> _Excerpted data_:
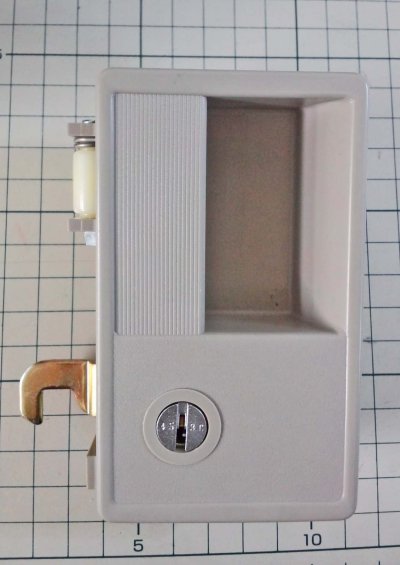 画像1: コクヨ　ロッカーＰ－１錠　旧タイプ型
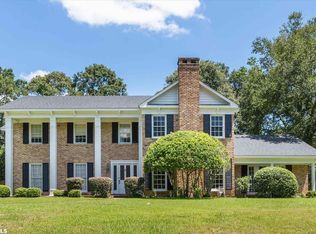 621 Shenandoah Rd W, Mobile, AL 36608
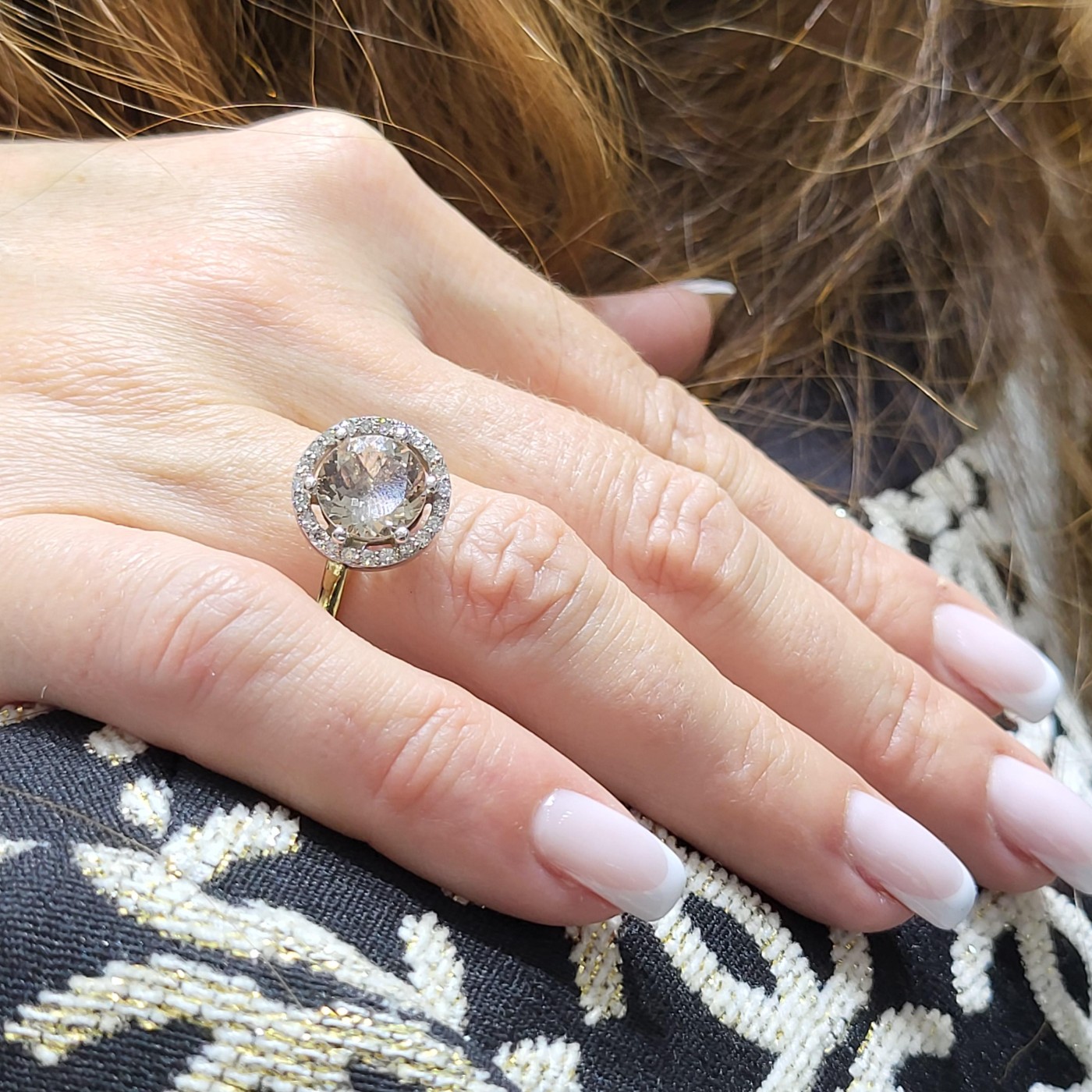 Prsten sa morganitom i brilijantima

==

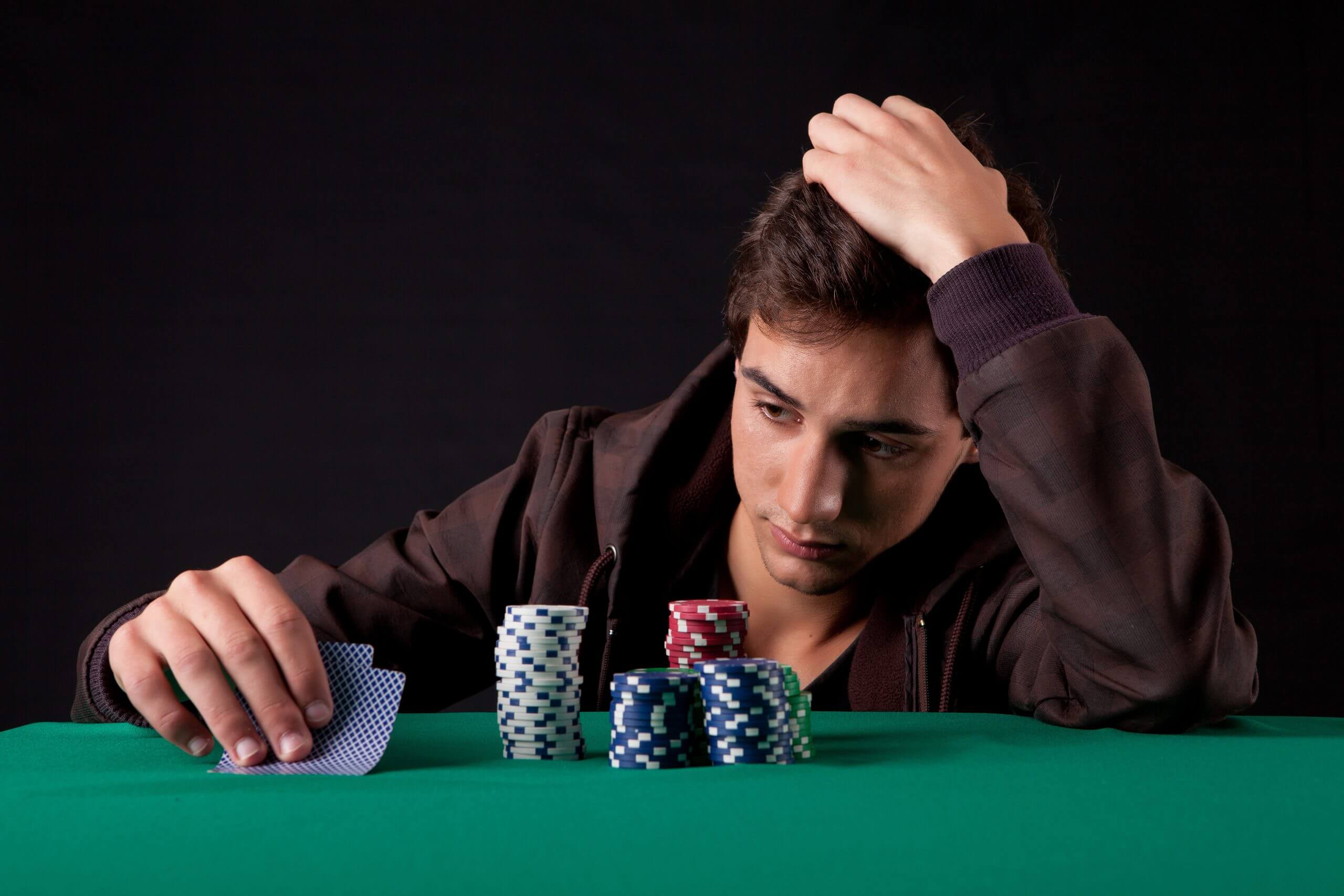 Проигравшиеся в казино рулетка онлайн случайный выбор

...

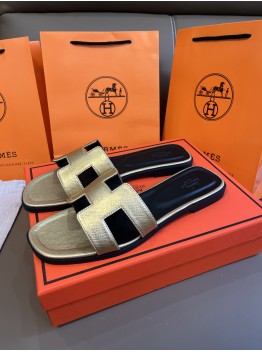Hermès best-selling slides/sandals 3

> _Problem to solve_: Copy word for word the span of the records above that begins at the line with "621 Shenandoah Rd W, Mobile, AL 36608" and ends at the line with "Prsten sa morganitom i brilijantima", including those two lines but not the pictures.

> _Result for this exercise_:
 621 Shenandoah Rd W, Mobile, AL 36608
 Prsten sa morganitom i brilijantima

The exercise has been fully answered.